**WHAT YOU ARE ASKED TO DO**
Exactly how many lines below mention "Christmas"? Answer with that number alone.

**EXTRACTED MATERIAL**
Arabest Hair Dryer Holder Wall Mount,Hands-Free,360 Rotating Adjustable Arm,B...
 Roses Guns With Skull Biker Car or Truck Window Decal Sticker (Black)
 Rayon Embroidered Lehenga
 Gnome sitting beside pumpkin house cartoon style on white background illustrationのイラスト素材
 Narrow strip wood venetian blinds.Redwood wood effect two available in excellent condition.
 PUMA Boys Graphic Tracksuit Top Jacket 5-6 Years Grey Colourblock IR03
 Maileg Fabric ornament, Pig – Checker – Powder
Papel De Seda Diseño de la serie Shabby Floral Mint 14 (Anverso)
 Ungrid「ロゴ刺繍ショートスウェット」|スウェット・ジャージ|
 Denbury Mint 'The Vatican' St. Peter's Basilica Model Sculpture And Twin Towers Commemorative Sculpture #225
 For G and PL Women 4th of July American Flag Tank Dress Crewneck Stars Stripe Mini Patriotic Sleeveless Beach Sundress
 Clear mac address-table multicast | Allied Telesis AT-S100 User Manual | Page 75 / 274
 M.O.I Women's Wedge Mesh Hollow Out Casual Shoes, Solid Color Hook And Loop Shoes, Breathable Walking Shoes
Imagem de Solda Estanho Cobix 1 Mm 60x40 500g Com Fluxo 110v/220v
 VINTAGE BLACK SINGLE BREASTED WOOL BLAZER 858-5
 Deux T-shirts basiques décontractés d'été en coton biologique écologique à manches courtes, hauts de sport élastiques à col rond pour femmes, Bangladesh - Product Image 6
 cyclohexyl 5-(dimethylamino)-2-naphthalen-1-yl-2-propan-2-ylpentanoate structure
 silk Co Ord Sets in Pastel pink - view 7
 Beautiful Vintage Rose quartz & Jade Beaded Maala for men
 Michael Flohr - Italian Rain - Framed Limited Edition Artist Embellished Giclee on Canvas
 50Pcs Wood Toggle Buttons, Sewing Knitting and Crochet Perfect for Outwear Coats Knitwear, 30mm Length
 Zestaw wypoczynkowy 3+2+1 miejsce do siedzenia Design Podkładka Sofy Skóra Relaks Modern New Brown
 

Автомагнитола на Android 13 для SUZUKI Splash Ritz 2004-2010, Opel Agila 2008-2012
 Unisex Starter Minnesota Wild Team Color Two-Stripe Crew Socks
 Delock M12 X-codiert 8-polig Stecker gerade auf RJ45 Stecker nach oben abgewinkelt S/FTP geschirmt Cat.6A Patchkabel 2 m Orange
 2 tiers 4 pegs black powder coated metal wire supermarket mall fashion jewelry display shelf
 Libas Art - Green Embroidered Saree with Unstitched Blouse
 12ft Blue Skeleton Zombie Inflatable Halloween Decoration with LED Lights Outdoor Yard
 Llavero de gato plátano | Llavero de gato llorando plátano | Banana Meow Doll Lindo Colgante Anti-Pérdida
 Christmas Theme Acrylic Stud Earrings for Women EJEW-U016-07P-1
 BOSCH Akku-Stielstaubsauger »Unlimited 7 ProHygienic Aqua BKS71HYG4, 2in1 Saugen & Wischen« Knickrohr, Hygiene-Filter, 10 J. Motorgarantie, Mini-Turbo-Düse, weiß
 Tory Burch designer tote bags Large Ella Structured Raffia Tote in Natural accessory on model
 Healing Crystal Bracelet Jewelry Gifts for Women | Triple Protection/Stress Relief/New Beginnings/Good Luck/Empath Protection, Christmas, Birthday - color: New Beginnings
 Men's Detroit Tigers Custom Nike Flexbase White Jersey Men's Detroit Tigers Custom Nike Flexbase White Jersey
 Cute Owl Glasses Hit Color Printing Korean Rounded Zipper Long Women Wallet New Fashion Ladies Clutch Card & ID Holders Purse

**SOLUTION TO THIS TASK**
2